La décision d’étendre la liste des vaccins pédiatriques obligatoires a évidemment provoqué l’indignation des militants « antivax ». Certains sites antivaccin prétendent (sans le démontrer) que le système immunitaire des nourrissons serait trop « immature » pour pouvoir absorber les onze vaccins obligatoires : c’est oublier que les huit nouveaux vaccins obligatoires étaient déjà recommandés auparavant et que, dans les faits, ils étaient déjà administrés à la plupart des nourrissons sans que cela pose problème. Mais la décision du gouvernement a déclenché une vague de protestation dont l’ampleur dépasse très largement celle du mouvement antivaccin traditionnel. De nombreux parents, bien que favorables à la vaccination, s’interrogent sur la pertinence d’une telle mesure ; plusieurs intellectuels se sont même exprimés dans les médias pour dénoncer l’extension de la vaccination obligatoire, qu’ils considèrent comme une mesure « autoritaire » portant atteinte à la liberté des familles.
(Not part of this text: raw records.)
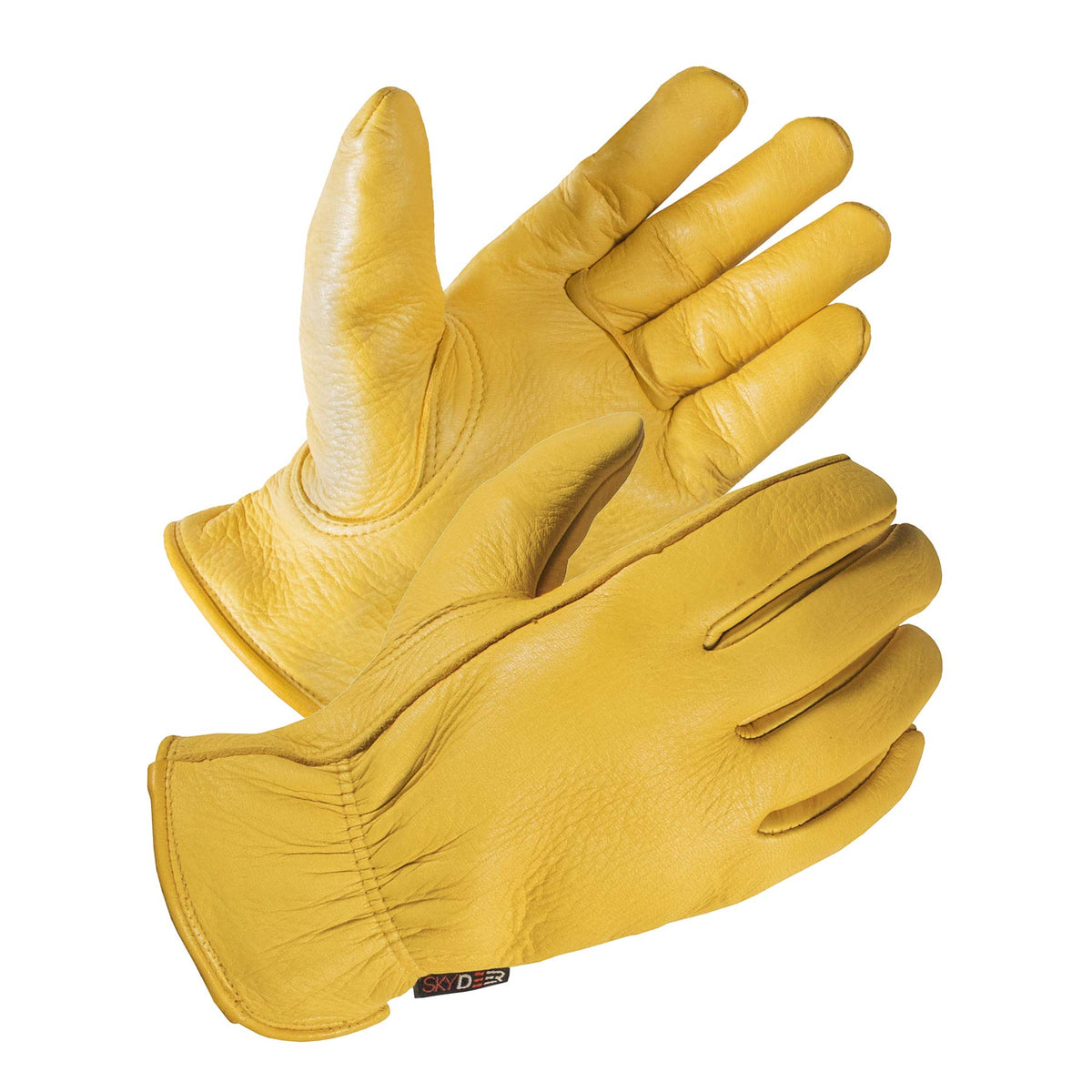 Skydeer SD2210 deerskin gloves palm view highlighting soft texture and grip.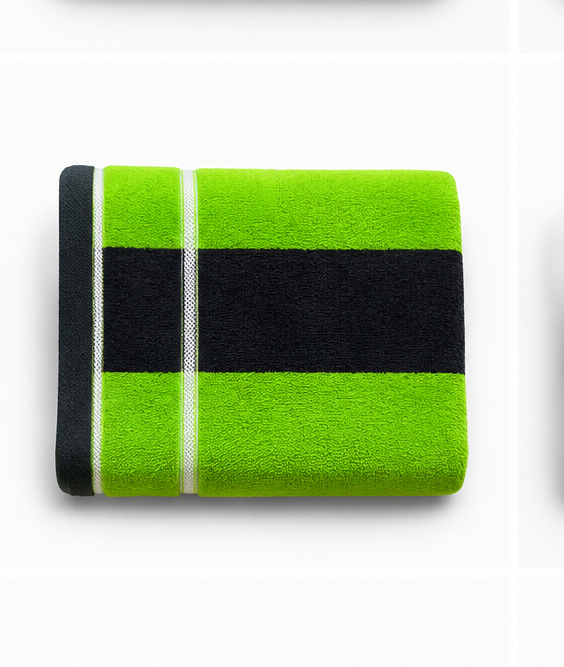 Urban Stripes Green 100% Cotton 30×60" Towel Set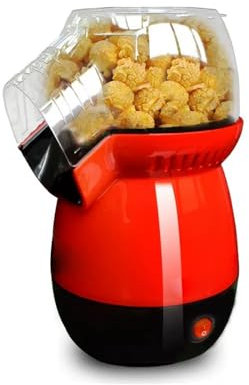 hxoity Fast Hot Air Popcorn Popper Machine Electric Popcorn Kernel Corn Maker with BPA and PVC Free Spoon Make Healthy Oil Free Popcorn Perfect for Home Family Party Kids(Red)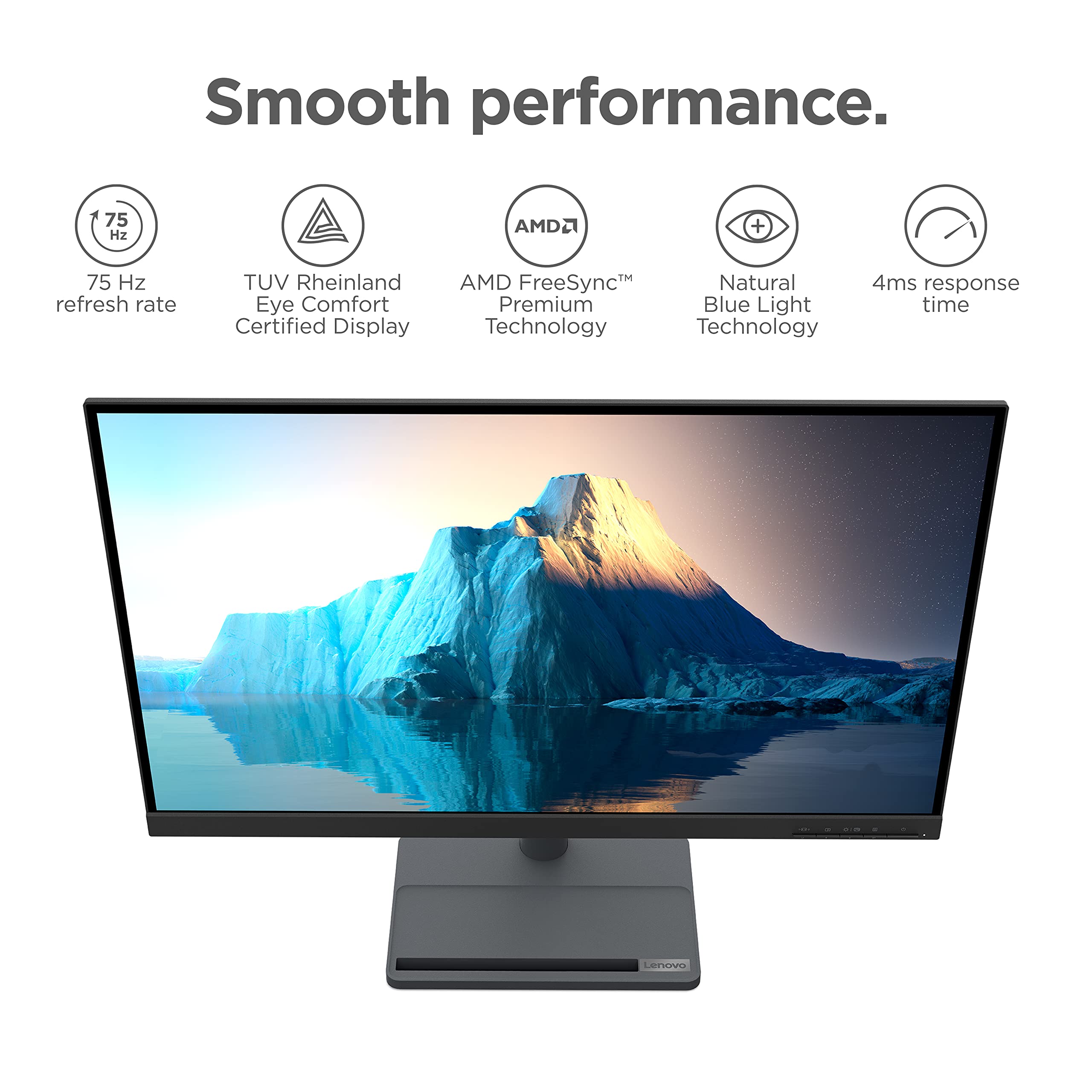 Lenovo L27q-35-2022 - Everyday Monitor - 27 Inch QHD - 75 Hz - AMD FreeSync - Low Blue Light Certified - Tilt Stand- Integrated Speakers - HDMI & DP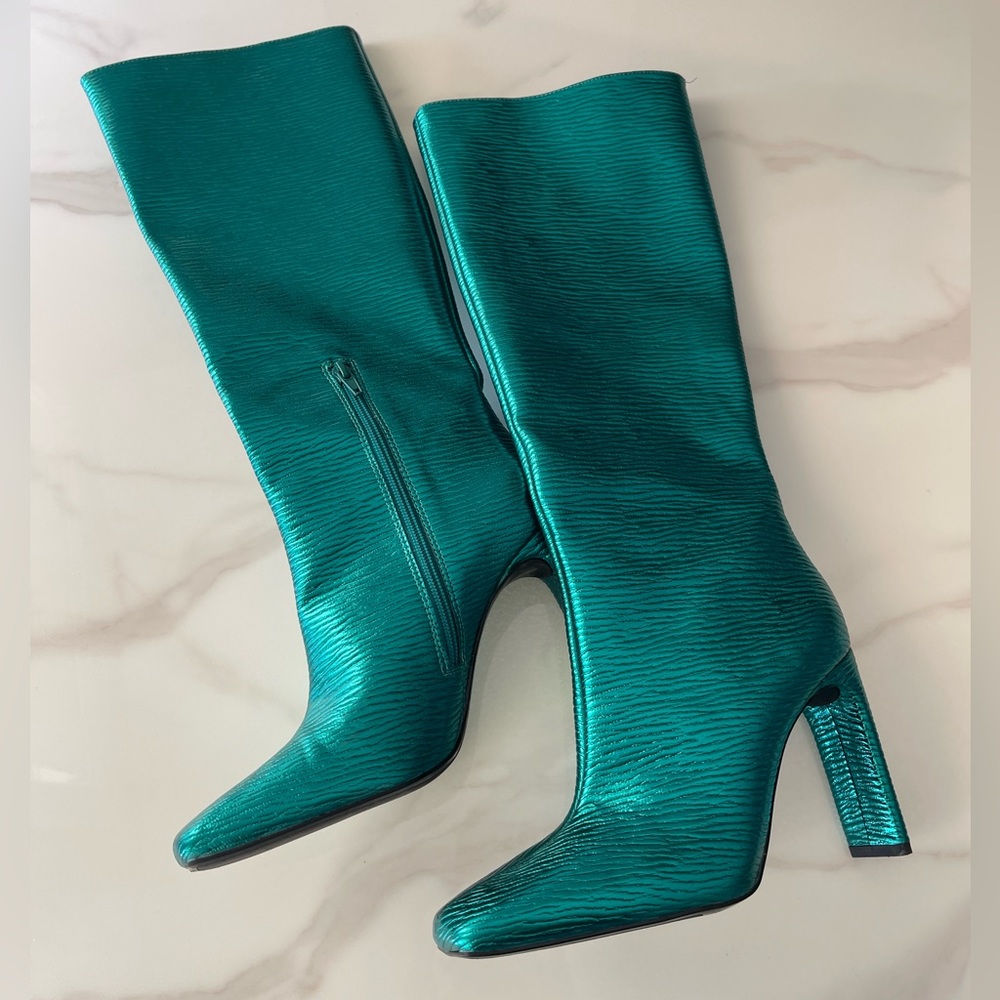 Zara aqua green metallic boots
Faut-il sanctionner les parents qui refusent les vaccins pédiatriques obligatoires ou faut-il, au nom de la liberté thérapeutique, leur accorder un droit au refus de vaccination ? En tant que centriste et libéral, j’ai tendance à penser que l’Etat doit respecter les choix de vie et les convictions personnelles de chacun. Mais la vaccination n’est pas une simple affaire de conviction personnelle : c’est un enjeu de santé publique. Pour qu’un vaccin puisse empêcher la propagation d’un virus, il faut qu’une grande partie de la population soit vaccinée : c’est ce que l’on appelle la couverture vaccinale. On ne se vaccine pas seulement pour se protéger soi-même : on se vaccine aussi pour protéger les autres. Certaines personnes ont un système immunitaire défaillant qui ne les protège pas contre les maladies infectieuses, même en cas de vaccination : c’est uniquement la couverture vaccinale qui évite à ces personnes d’être contaminées. En outre, certains vaccins ne peuvent pas être administrés aux nouveau-nés, tels que le vaccin contre la coqueluche : c’est donc la vaccination de leur entourage qui protège les nouveau-nés de cette maladie.

La vaccination obligatoire est le seul moyen d’assurer une bonne couverture vaccinale et d’empêcher l’apparition de nouveaux foyers épidémiques. Ces dernières années, la méfiance croissante envers les vaccins a entraîné une dégradation de la couverture vaccinale et favorisé la résurgence de plusieurs maladies qui avaient presque disparu en Europe, comme la tuberculose, la coqueluche et la rougeole ; un retour de la diphtérie a même été constaté en Russie. Le refus de vaccination est un choix égoïste et irresponsable car les personnes qui refusent la vaccination mettent en péril la santé de leur entourage. La santé de la population doit primer sur les croyances et les libertés individuelles, surtout lorsqu’il est question de la santé de nos enfants. De plus, accorder un « droit au refus de vaccination » donnerait à la population le sentiment que les vaccins obligatoires ne sont pas vraiment indispensables et encouragerait la négligence vaccinale. Un tel « droit au refus » placerait aussi les médecins dans une posture délicate puisque chaque praticien aurait la responsabilité de convaincre, au cas par cas, les familles réticentes, avec des sons de cloche différents d’un médecin à l’autre.